**Task to complete:** Go over the records and copy every line with the string "Cody".

── Exercise inputs ──

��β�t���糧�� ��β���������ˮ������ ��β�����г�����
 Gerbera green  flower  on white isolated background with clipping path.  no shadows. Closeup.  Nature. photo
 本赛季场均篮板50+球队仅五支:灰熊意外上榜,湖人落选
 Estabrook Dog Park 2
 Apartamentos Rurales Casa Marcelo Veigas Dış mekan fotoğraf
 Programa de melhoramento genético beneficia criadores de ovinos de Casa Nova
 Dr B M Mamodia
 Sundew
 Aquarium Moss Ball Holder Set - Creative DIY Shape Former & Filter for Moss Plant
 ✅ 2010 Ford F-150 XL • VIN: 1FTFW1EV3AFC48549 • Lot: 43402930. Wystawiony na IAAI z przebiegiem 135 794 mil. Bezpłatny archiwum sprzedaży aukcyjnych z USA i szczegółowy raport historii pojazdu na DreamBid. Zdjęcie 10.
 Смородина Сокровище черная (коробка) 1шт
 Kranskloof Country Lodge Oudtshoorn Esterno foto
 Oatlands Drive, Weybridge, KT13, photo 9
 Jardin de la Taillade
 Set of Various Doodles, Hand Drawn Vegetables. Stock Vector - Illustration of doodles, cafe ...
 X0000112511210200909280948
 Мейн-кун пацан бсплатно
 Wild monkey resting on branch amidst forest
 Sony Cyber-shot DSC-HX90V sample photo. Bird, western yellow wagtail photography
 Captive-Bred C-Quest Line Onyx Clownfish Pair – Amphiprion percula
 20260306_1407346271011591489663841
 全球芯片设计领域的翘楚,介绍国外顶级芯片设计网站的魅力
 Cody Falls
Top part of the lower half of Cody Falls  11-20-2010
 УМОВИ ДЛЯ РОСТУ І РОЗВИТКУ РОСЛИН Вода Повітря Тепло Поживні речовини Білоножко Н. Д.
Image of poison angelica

───

**Response for this exercise:**
 Cody Falls
Top part of the lower half of Cody Falls  11-20-2010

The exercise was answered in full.